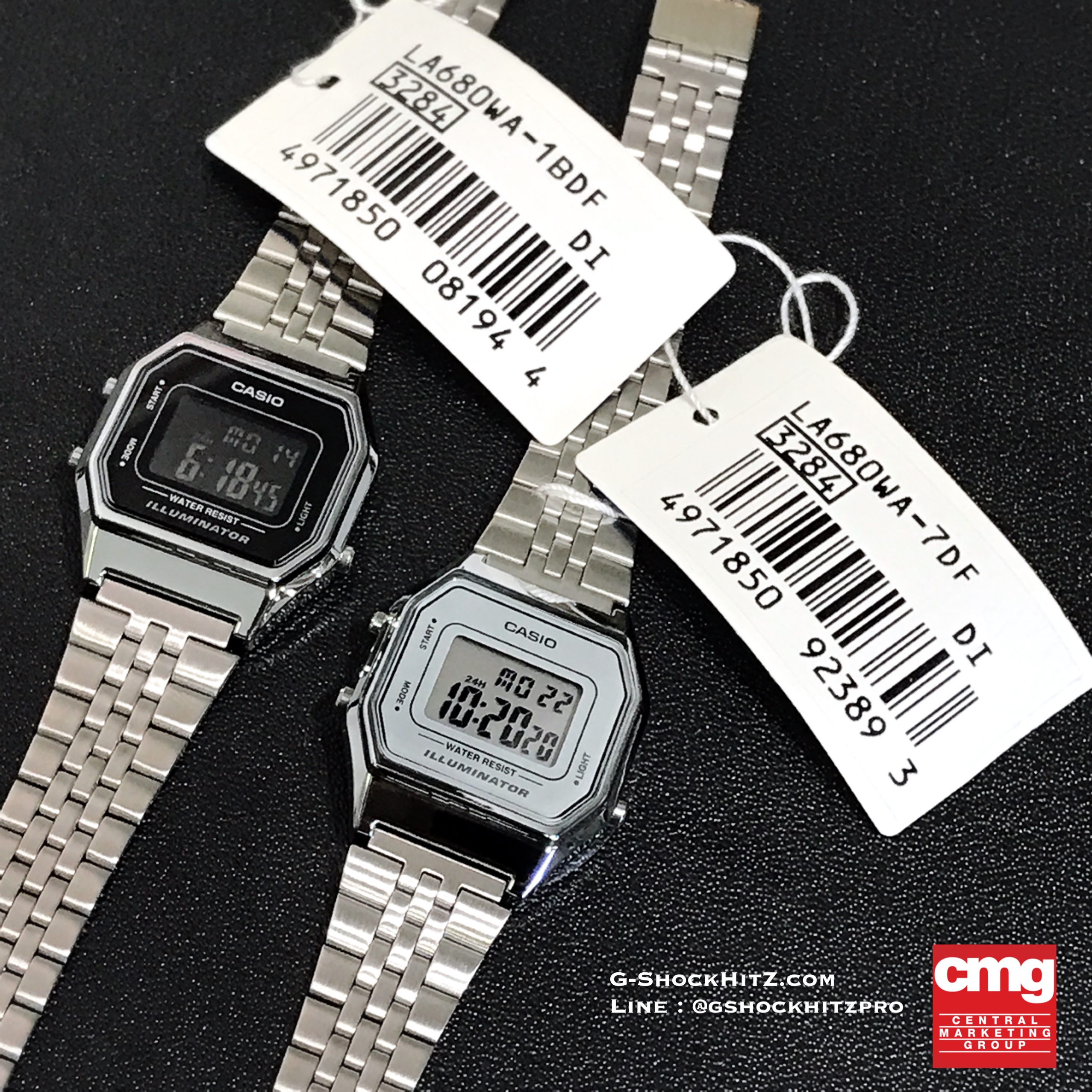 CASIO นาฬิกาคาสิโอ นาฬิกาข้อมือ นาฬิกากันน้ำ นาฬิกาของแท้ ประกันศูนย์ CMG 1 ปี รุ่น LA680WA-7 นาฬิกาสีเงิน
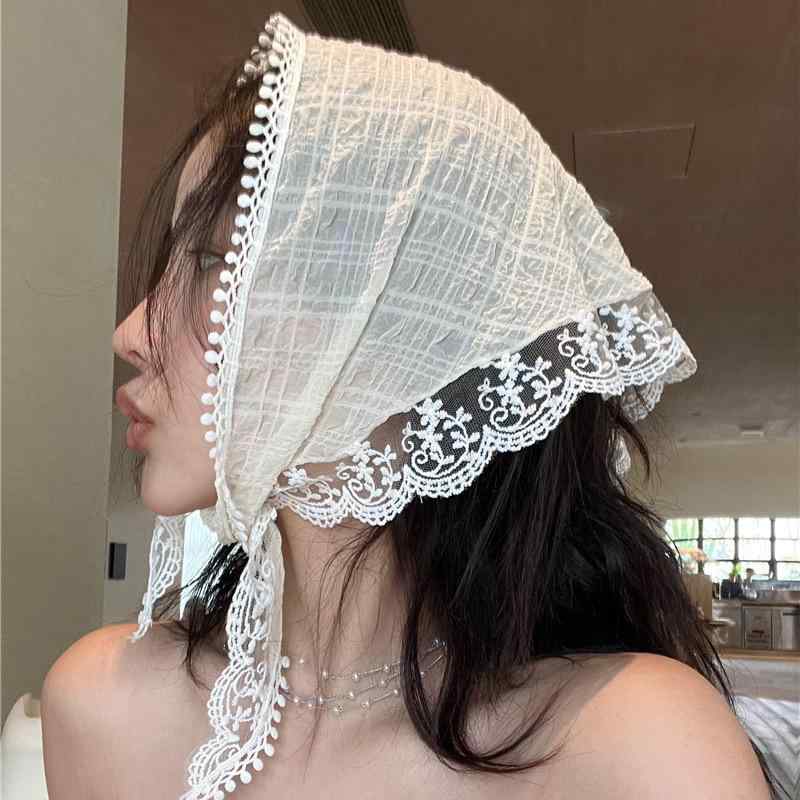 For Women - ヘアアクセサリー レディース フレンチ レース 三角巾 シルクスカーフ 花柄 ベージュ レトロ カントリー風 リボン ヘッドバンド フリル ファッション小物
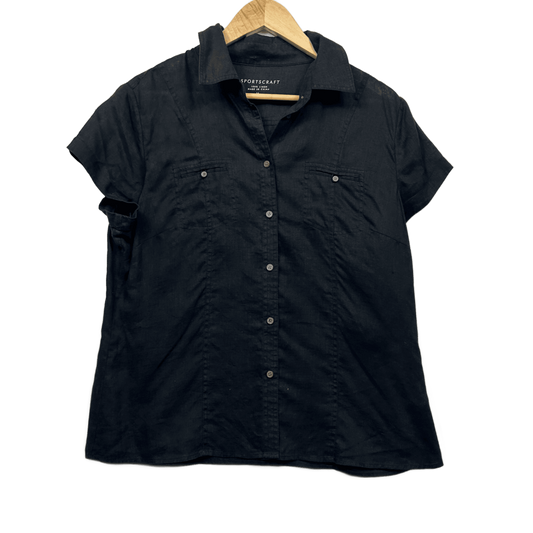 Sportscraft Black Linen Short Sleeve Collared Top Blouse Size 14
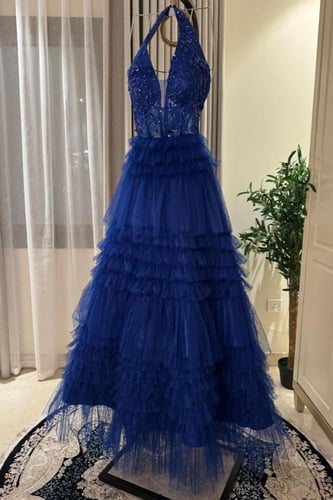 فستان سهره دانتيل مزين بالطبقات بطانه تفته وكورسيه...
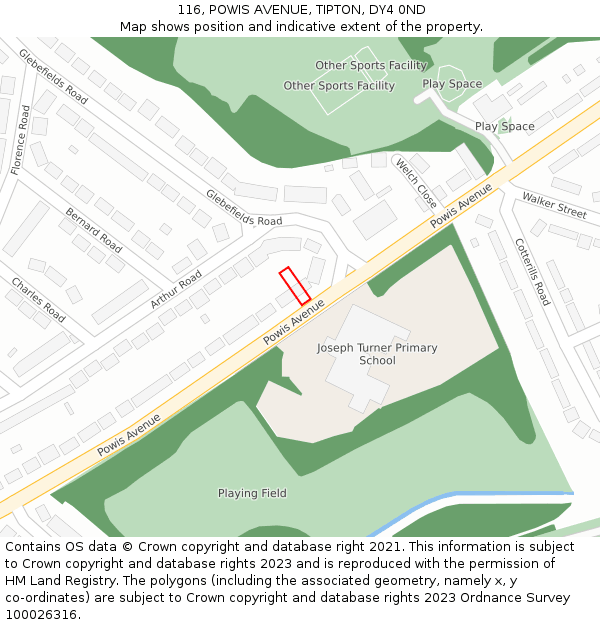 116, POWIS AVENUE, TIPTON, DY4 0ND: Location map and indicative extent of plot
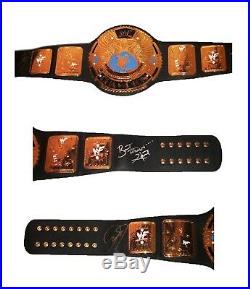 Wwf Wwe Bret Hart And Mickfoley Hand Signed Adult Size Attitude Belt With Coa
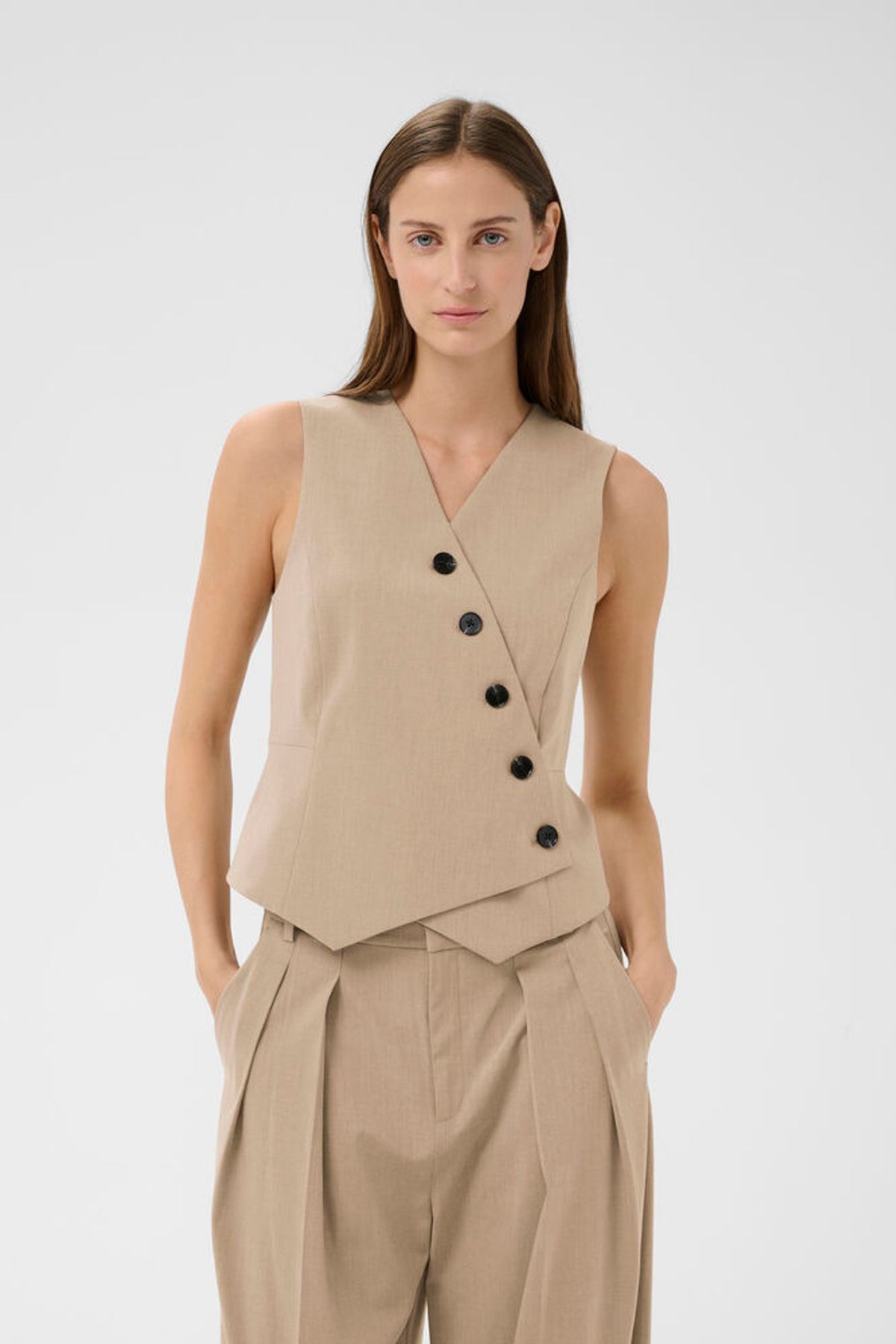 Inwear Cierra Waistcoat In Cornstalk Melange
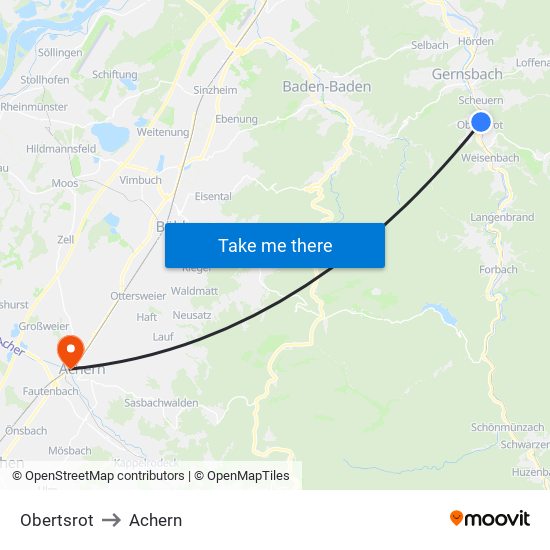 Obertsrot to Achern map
####################
**Task requirements**: Give back the material above exactly, without pictures.

**Written answer**:
 CASIO นาฬิกาคาสิโอ นาฬิกาข้อมือ นาฬิกากันน้ำ นาฬิกาของแท้ ประกันศูนย์ CMG 1 ปี รุ่น LA680WA-7 นาฬิกาสีเงิน
 For Women - ヘアアクセサリー レディース フレンチ レース 三角巾 シルクスカーフ 花柄 ベージュ レトロ カントリー風 リボン ヘッドバンド フリル ファッション小物
 Sportscraft Black Linen Short Sleeve Collared Top Blouse Size 14
 فستان سهره دانتيل مزين بالطبقات بطانه تفته وكورسيه...
 116, POWIS AVENUE, TIPTON, DY4 0ND: Location map and indicative extent of plot
 Wwf Wwe Bret Hart And Mickfoley Hand Signed Adult Size Attitude Belt With Coa
 Inwear Cierra Waistcoat In Cornstalk Melange
 Obertsrot to Achern map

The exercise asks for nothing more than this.